**YOUR OBJECTIVE:** Repeat the data as given. Images do not go in the copy.

Records from a collection

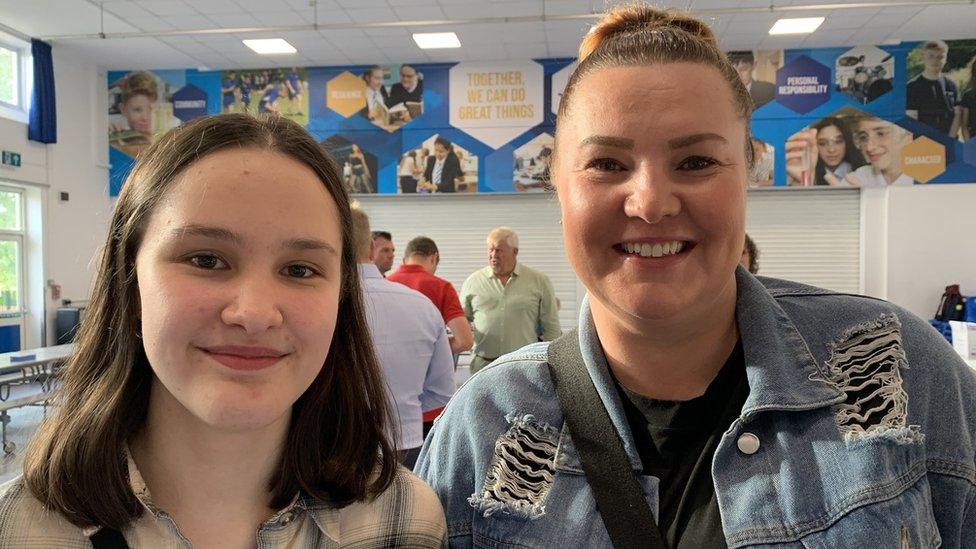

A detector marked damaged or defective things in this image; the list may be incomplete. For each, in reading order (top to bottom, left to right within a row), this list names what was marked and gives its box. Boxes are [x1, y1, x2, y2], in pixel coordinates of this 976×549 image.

ripped jacket [414, 270, 976, 548]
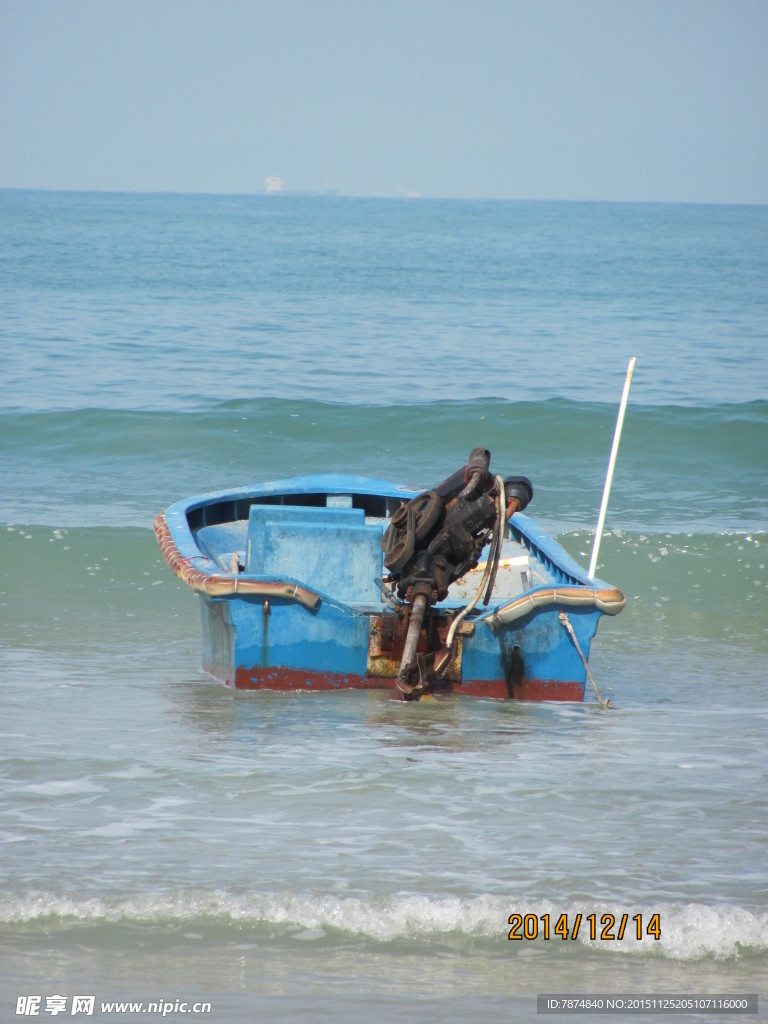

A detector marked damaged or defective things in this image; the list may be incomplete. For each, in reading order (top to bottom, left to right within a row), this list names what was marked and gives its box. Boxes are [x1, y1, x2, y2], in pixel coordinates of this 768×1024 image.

rusty outboard motor [380, 450, 532, 700]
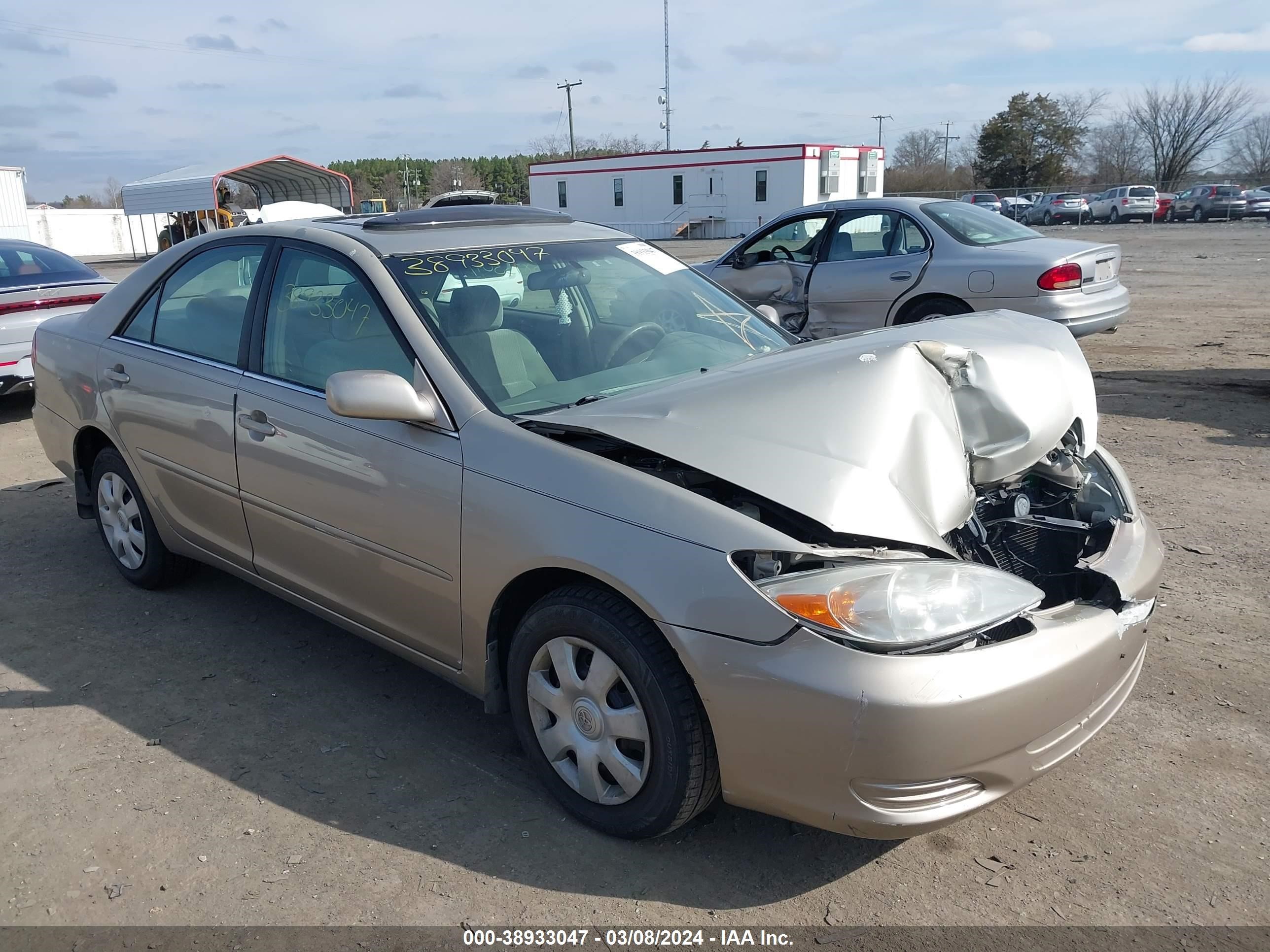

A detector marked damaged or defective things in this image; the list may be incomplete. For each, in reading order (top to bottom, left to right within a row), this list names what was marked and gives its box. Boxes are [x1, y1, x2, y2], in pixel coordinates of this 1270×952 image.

**ANSWER TO THIS TASK:**
A detector marked damaged or defective things in this image; the list may be incomplete. For each, in reading order (top to bottom, left to right within a row), this list names what was marked and gives its box. Boxes are [x1, y1, x2, y2], in pixel coordinates of this 976×549 image.

ripped jacket [414, 270, 976, 548]

A detector marked damaged or defective things in this image; the list may be incomplete. For each, in reading order (top to bottom, left to right within a row), this list names what was marked and gives its box. Boxes are [x1, y1, x2, y2], in pixel coordinates of this 768×1024 image.

rusty outboard motor [380, 450, 532, 700]

A detector marked damaged or defective things in this image; the list may be incomplete. For each, in reading order (top to bottom, left to right within a row), this list names what was marked and gives its box. Boxes are [x1, y1, x2, y2], in pixel coordinates of this 1270×952 image.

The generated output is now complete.